* _YOUR INSTRUCTIONS_
Leave out the pictures, and retype the remaining data exactly.

* _INPUT FOR THIS TASK_
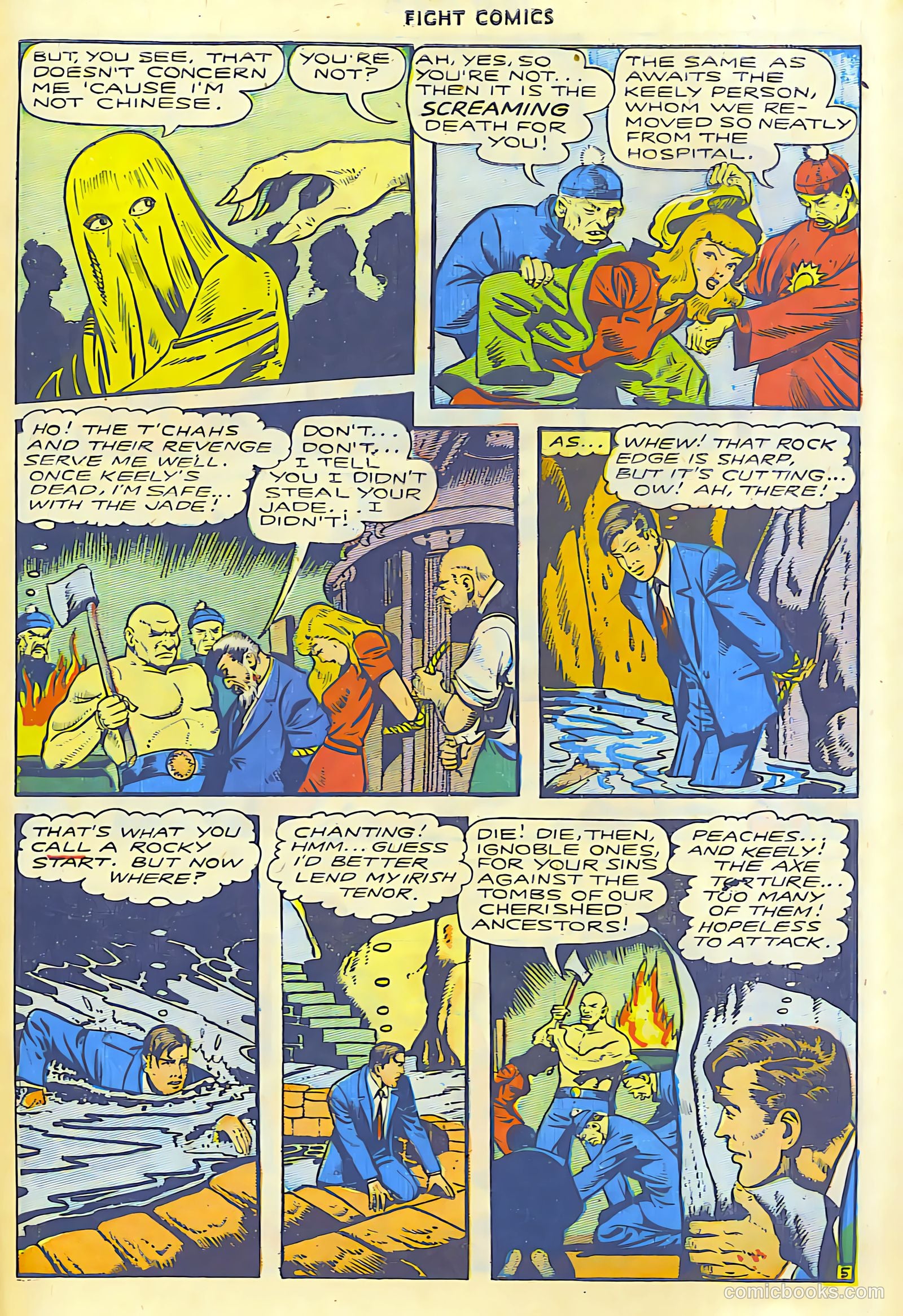 Fight Comics #48 (1947) — page 43 of 52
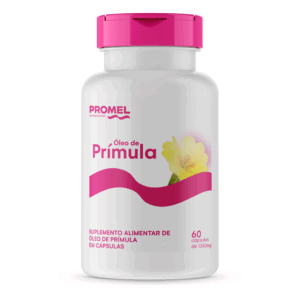 ÓLEO DE PRÍMULA 60caps 1340mg e 120caps 1340mg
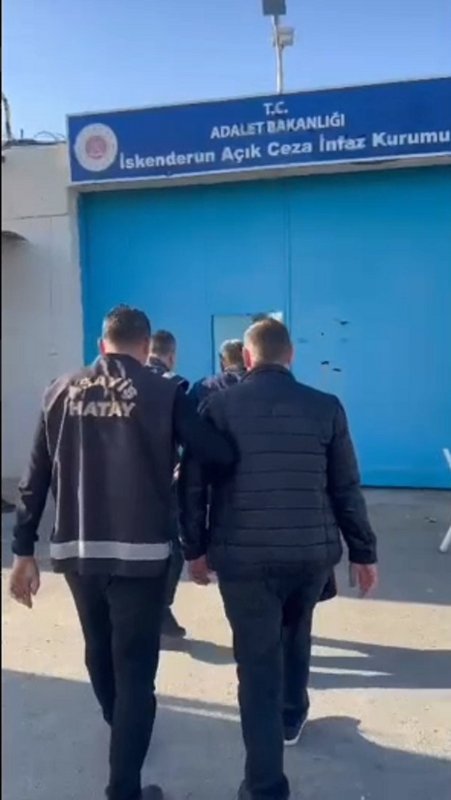 Hatay'da hapis cezaları nedeniyle aranan 7 kişi tutuklandı
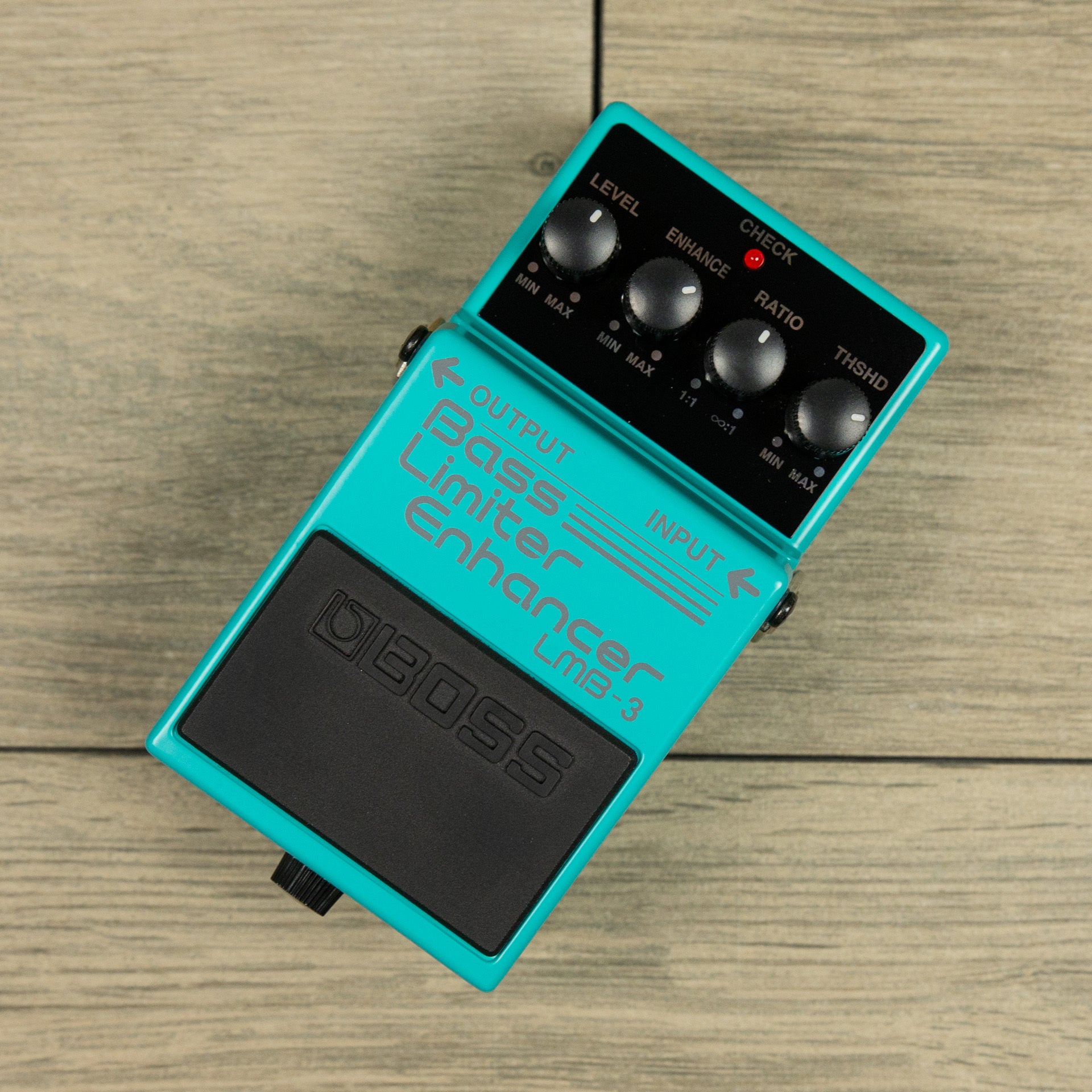 bass limiter pedal Boss LMB-3 Bass Limiter & Enhancer Pedal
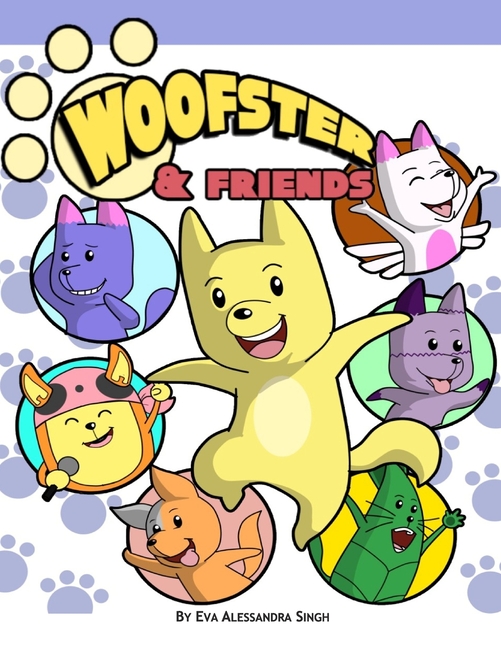 Cover image for Woofster and Friends: The Escape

* _ANSWER FOR THIS EXERCISE_
 Fight Comics #48 (1947) — page 43 of 52
 ÓLEO DE PRÍMULA 60caps 1340mg e 120caps 1340mg
 Hatay'da hapis cezaları nedeniyle aranan 7 kişi tutuklandı
 bass limiter pedal Boss LMB-3 Bass Limiter & Enhancer Pedal
 Cover image for Woofster and Friends: The Escape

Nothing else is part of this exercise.